« S’intéresser aux animaux ce n’est pas que de la science, c’est aussi de la spiritualité voire de la poésie », confie l’auteur Bernard Werber


«Les fourmis sont les vrais maîtres de la Terre» pour l’écrivain Bernard Werber — 20 Minutes

  • Chaque semaine, 20 Minutes propose à une personnalité de commenter un phénomène de société dans son rendez-vous « 20 Minutes avec… ».
  • Ce vendredi, l’écrivain Bernard Werber revient sur le succès de sa saga Les Fourmis qui fête cette année ses 30 ans.
  • Ecologie, spiritualité, pouvoir de la science-fiction, l’écrivain à succès évoque les thèmes qui lui sont chers à l’occasion de la sortie de l’adaptation en BD de son roman Demain les chats (Albin Michel).
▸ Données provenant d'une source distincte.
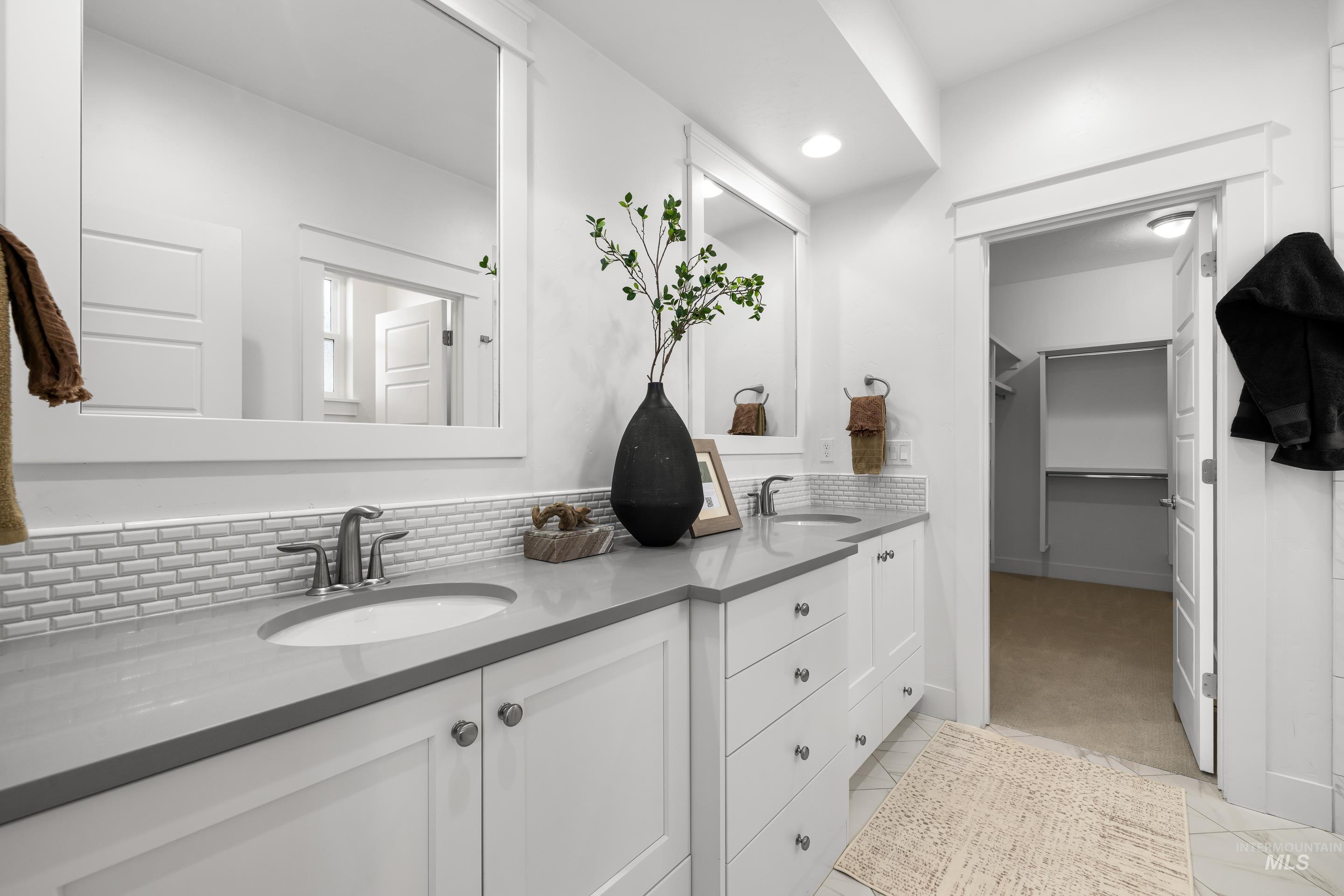 12010 N Horse Collar Way, Boise, Idaho 83714, 3 Bedrooms, 2.5 Bathrooms, Residential For Sale, Price $739,000,MLS 98971925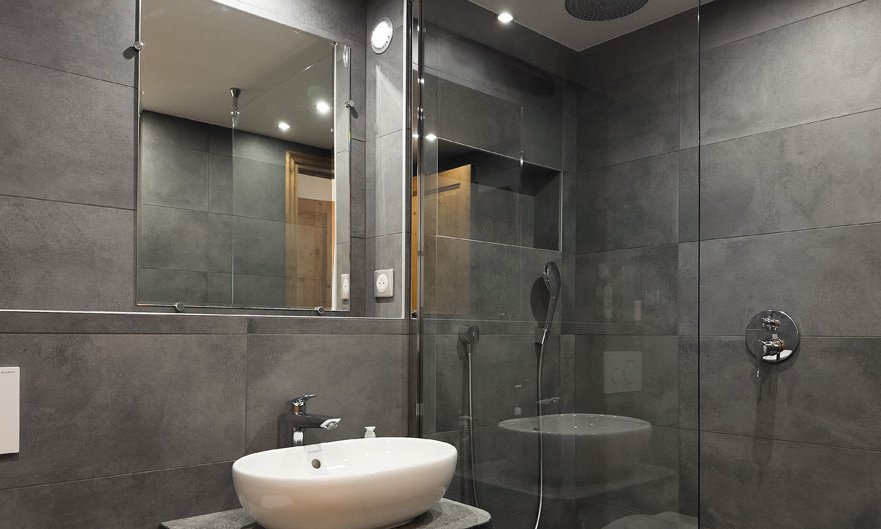 The ensuite shower room in Apartment Grand Meribel Centre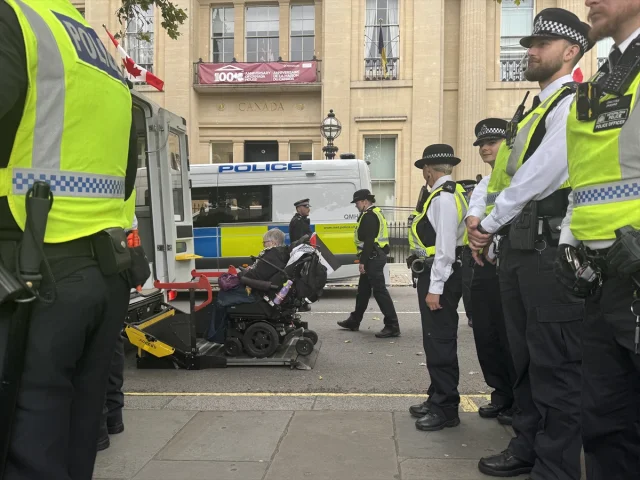 İngiltere'de protestolar: Palestine Action destekçilerine polis müdahalesi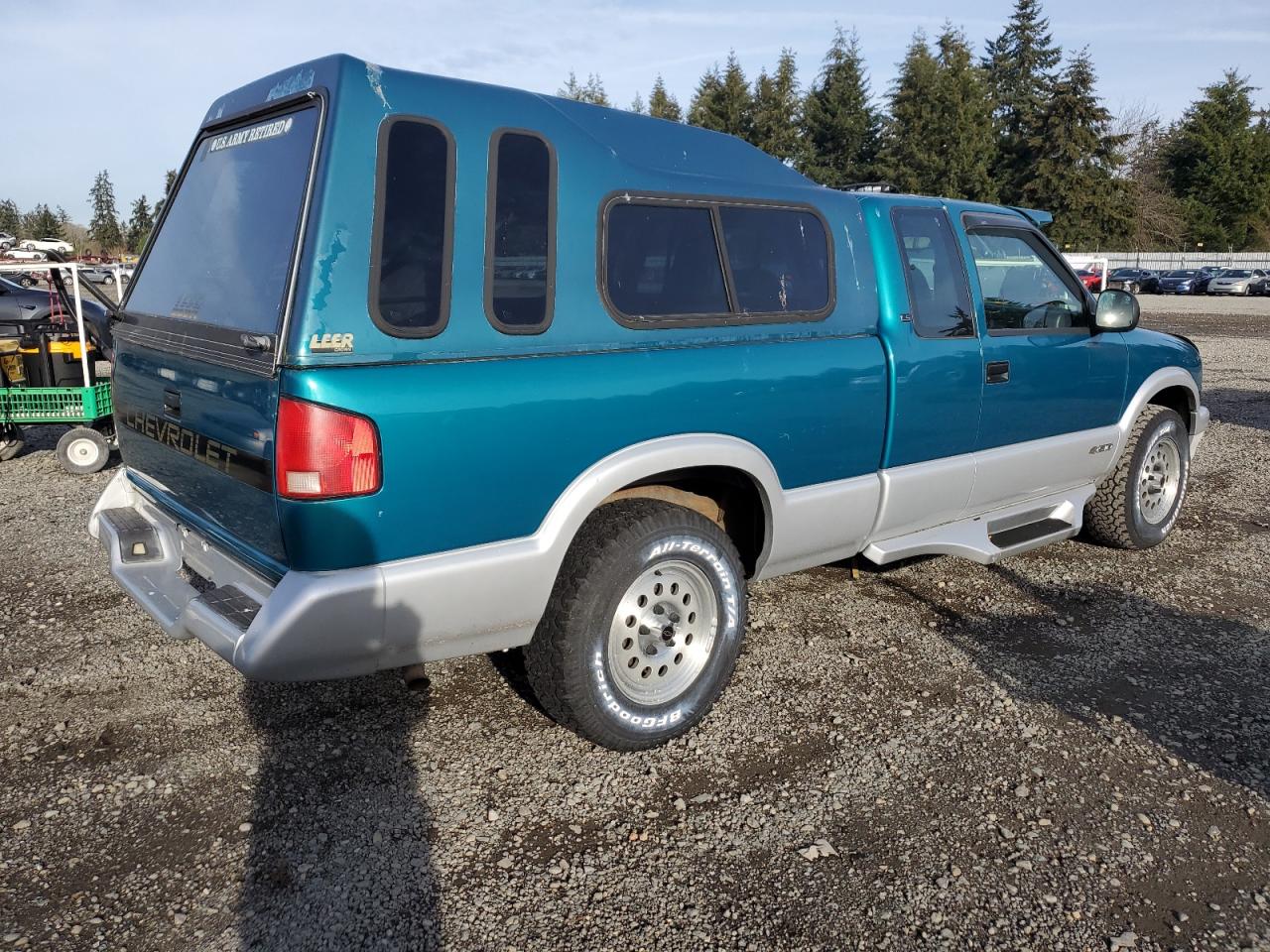 1995 Chevrolet S-10 Pickup - Image 3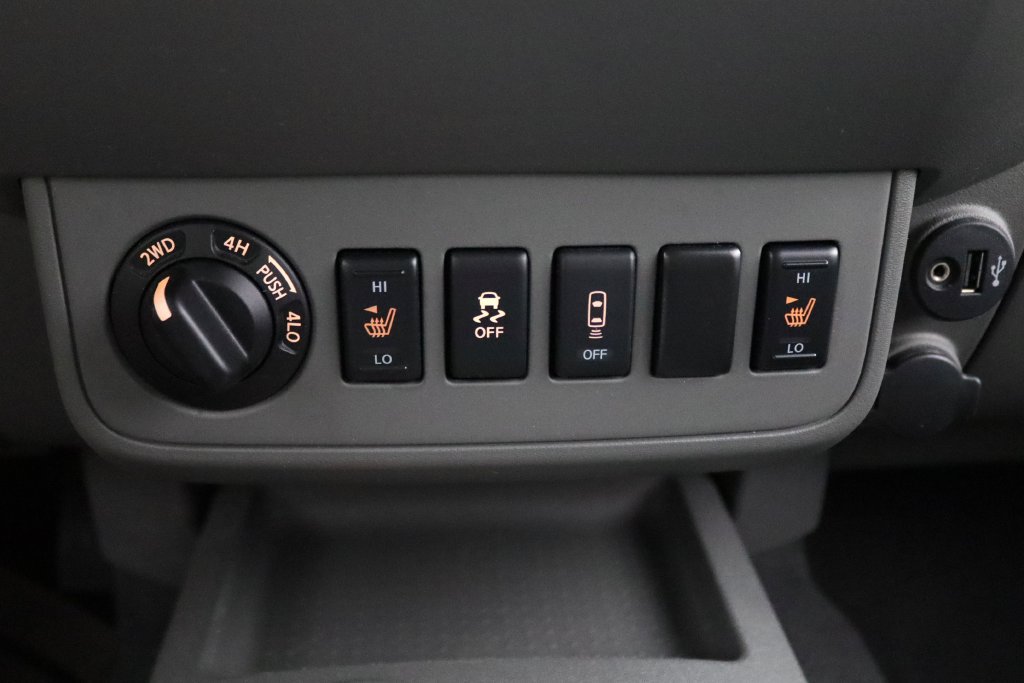 Used 2021 Nissan Frontier SV AWD/4WD image 28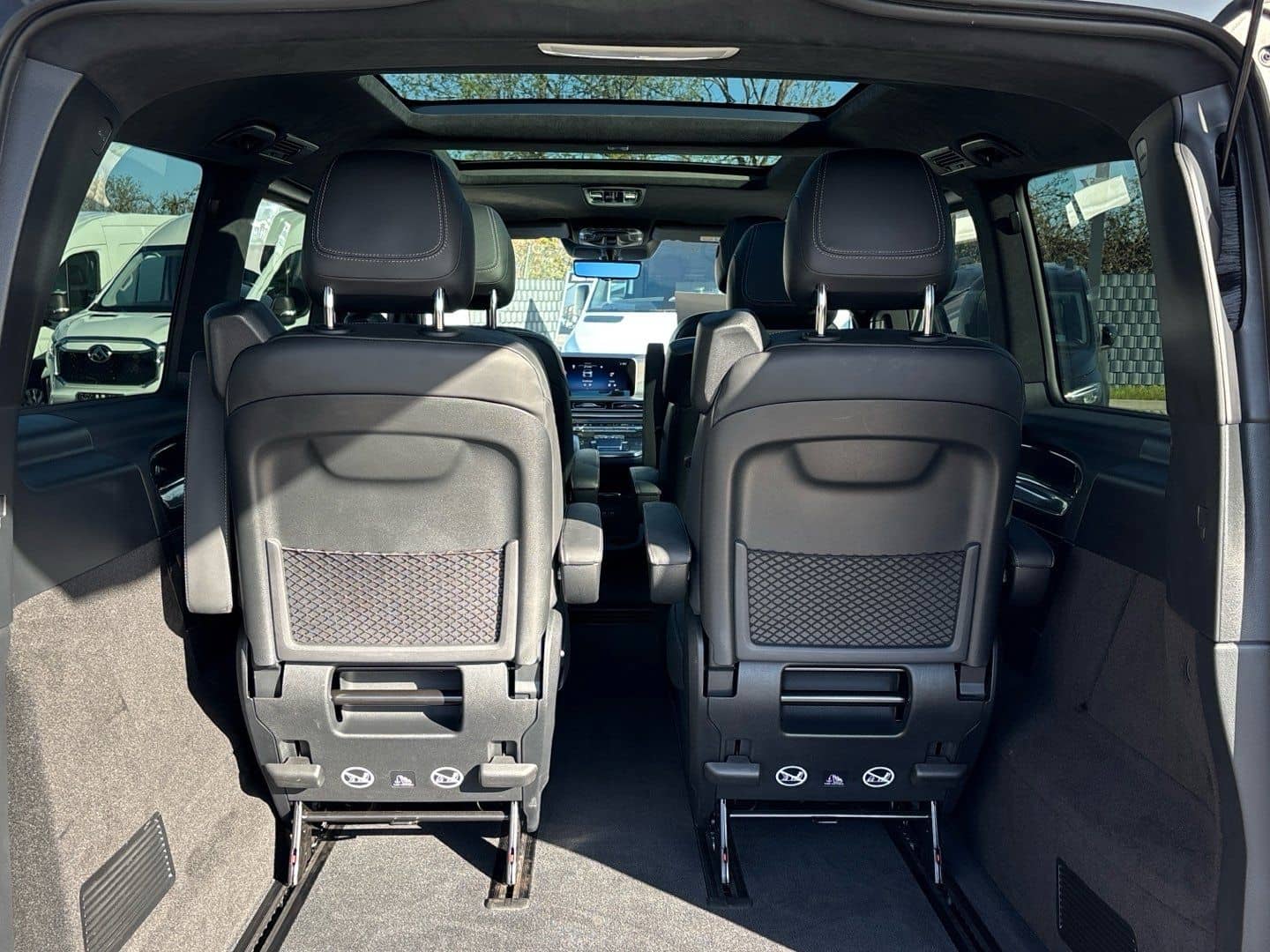 Mercedes-Benz V 300 d Exclusive 4x4 lang AIRMATIC Pano 360° 9G foto 17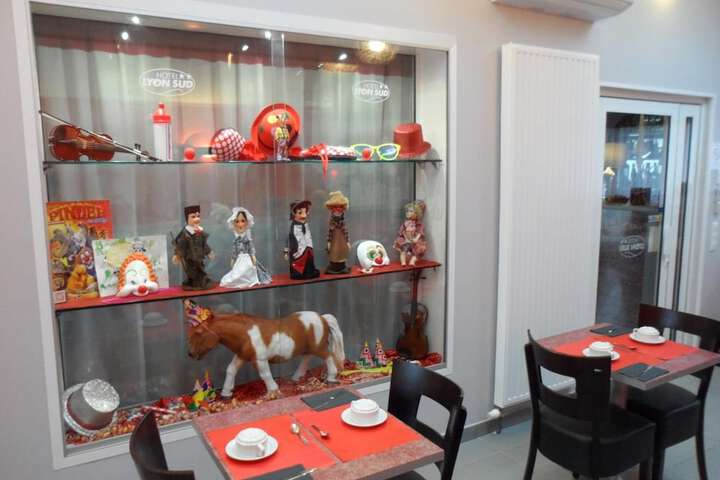 Dining 48 of 64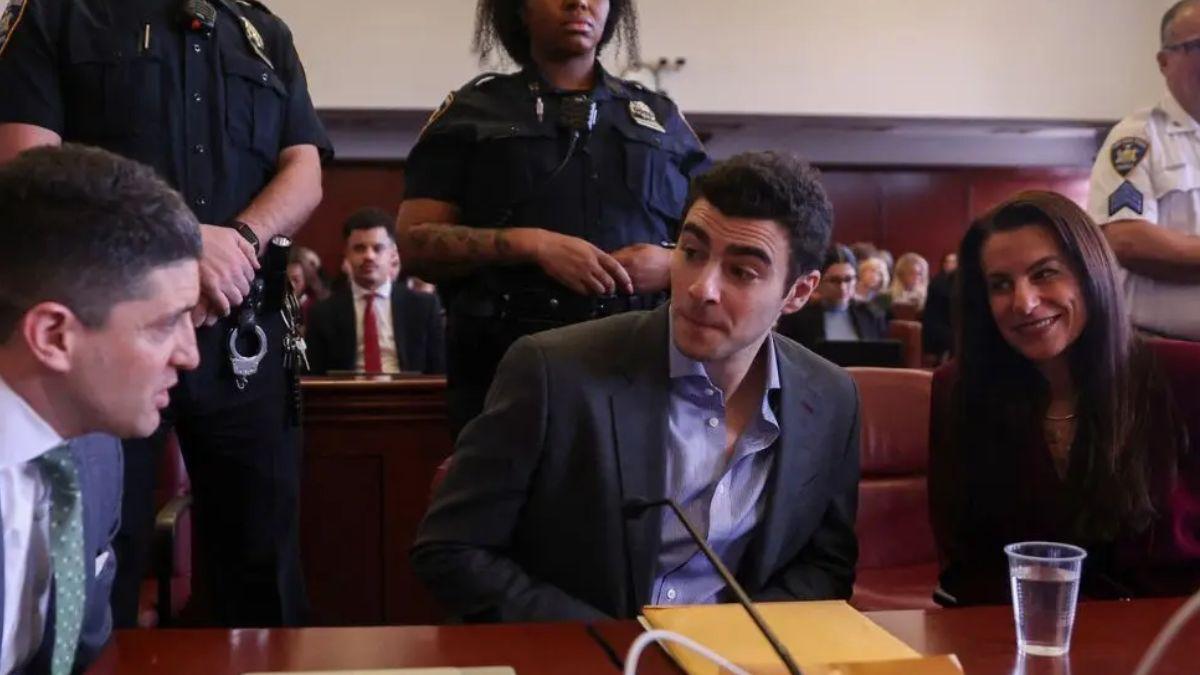 image of The former data engineer had a gun, ammunition and incriminating notes in his backpack at the time of his arrest.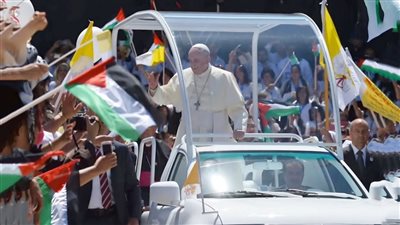 سيارة البابا فرنسيس .. «ميتسوبيشي الأمل» عيادة متنقلة لرعاية أطفال غزة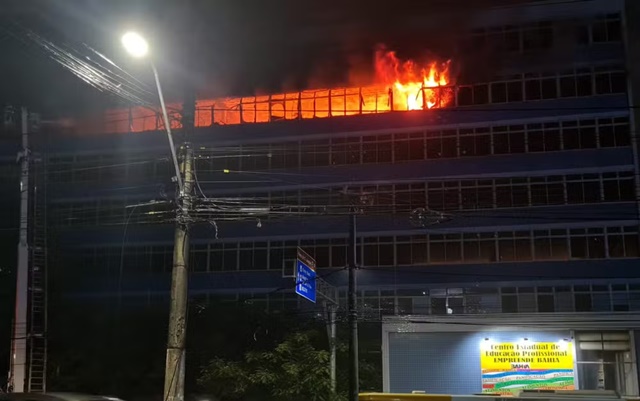 Incêndio atinge prédio em Salvador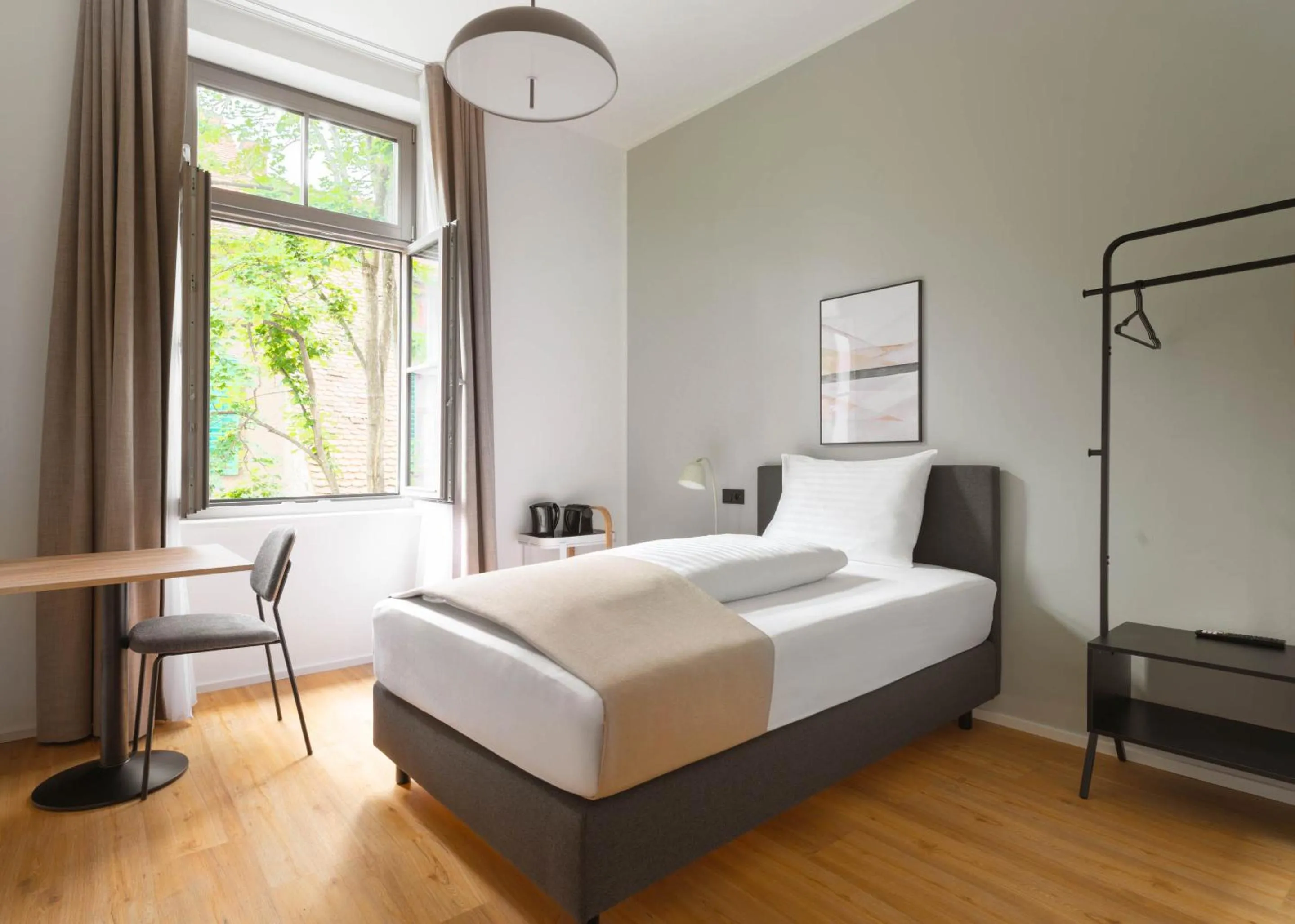 Bed in Limehome Graz Trauttmansdorffgasse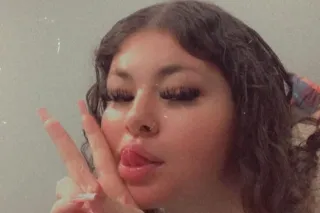 top best Queen around twi girls ready 👀for the funn here we are - Image 1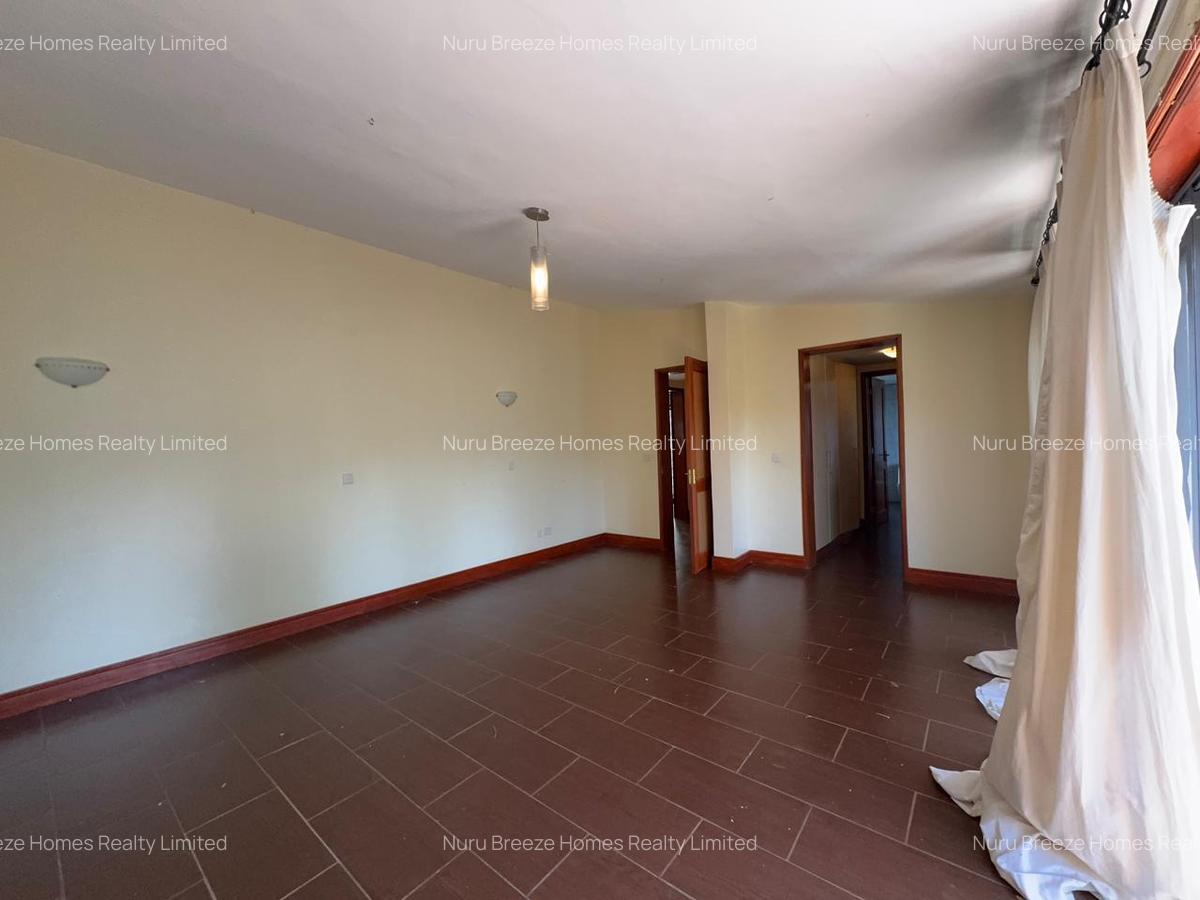 4 Bed House with En Suite in Runda - 14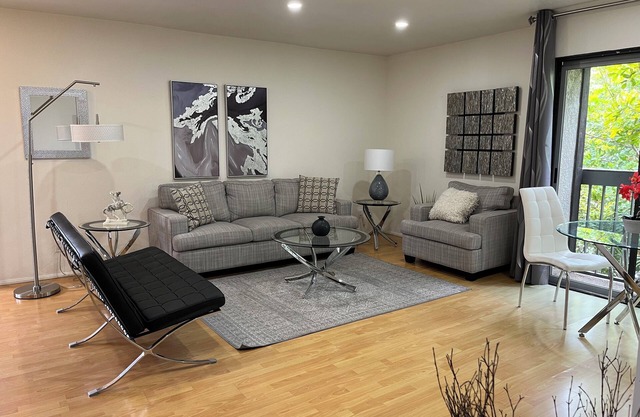 5. Outstanding Apt 2-bd, 2Bath, Tree-top views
« Ma position tend à créer des ponts entre le monde de la science et le monde de la spiritualité et je peux vous dire que ces deux mondes ne communiquent pas du tout ». Trente ans après la publication de son roman best-seller Les Fourmis, l’auteur de « philosophie fiction » Bernard Werber vient de publier une adaptation en BD de
Demain les chats*, premier volet de sa trilogie consacrée aux félins paru en 2016. Communication interespèces,
révolution écologique, spiritualité… L’auteur revient sur les motifs qui parcourent son œuvre et la mission qu’il endosse en tant qu’écrivain de sciences-fictions : « On ne fait pas juste raconter des histoires. Je vois mon métier comme un métier d’aide à la prise de conscience », explique-t-il.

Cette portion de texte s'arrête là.